*WHAT TO DO*: For the data below, transcribe the part that opens with the line containing "Okay scholars, so" and closes with the line containing "After that, you", exactly and with no pictures.

*MATERIAL PROVIDED*:
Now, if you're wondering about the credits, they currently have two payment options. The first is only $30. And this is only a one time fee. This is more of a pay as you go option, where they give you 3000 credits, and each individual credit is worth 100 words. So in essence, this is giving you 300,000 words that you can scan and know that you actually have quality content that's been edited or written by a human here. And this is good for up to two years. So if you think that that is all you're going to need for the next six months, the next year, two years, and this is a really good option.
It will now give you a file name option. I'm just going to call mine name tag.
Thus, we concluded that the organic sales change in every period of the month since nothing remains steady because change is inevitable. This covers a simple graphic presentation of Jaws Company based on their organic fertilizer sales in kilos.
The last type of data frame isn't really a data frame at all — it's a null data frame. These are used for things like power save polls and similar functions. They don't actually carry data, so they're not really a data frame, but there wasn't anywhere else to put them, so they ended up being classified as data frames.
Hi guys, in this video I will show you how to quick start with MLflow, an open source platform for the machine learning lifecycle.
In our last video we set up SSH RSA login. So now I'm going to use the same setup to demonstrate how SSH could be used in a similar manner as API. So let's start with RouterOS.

* * *

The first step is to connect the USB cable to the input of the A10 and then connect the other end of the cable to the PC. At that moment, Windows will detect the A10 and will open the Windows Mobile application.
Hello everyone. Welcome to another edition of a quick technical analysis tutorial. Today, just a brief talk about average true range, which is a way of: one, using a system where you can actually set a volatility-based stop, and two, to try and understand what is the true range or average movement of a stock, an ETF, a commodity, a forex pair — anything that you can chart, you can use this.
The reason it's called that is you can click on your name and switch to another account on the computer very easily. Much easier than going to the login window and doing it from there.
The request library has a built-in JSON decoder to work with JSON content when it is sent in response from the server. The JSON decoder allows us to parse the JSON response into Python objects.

* * *

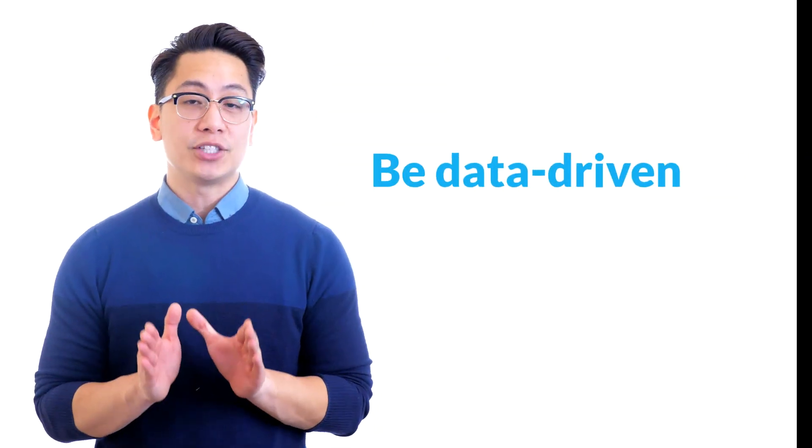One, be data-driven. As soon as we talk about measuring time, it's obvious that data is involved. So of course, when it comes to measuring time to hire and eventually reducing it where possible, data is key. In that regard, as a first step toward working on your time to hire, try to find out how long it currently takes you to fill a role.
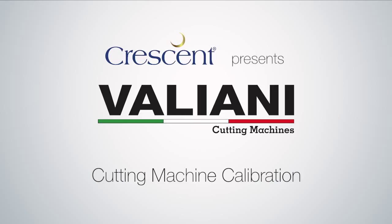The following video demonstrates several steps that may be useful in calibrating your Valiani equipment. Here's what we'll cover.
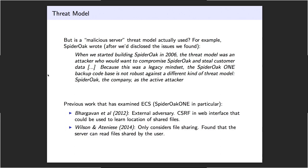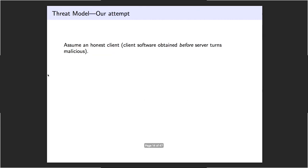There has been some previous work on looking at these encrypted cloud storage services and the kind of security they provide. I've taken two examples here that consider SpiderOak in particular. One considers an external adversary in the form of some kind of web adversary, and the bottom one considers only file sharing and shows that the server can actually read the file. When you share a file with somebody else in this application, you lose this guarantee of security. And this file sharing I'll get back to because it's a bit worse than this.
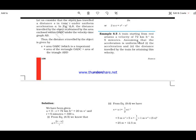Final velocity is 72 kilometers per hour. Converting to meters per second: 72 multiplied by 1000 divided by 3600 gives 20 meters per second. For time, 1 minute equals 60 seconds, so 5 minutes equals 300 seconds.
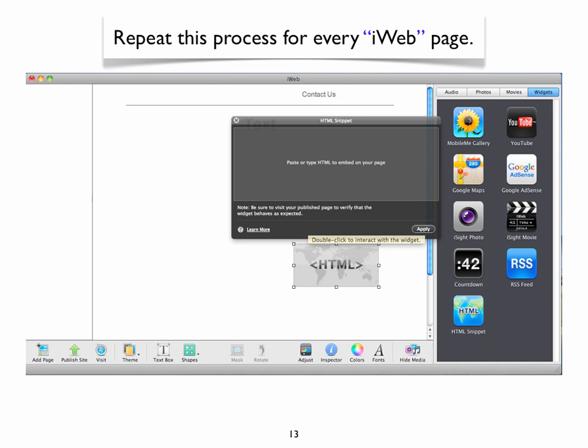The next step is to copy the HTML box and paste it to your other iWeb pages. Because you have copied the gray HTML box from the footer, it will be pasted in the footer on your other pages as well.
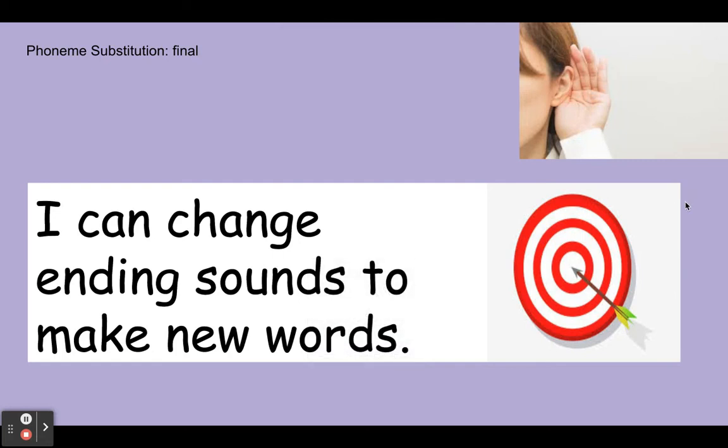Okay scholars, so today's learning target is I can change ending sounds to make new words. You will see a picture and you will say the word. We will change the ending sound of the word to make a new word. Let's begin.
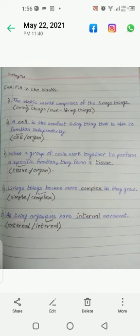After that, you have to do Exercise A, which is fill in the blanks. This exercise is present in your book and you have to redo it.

*ANSWER TO THIS TASK*:
Okay scholars, so today's learning target is I can change ending sounds to make new words. You will see a picture and you will say the word. We will change the ending sound of the word to make a new word. Let's begin.
After that, you have to do Exercise A, which is fill in the blanks. This exercise is present in your book and you have to redo it.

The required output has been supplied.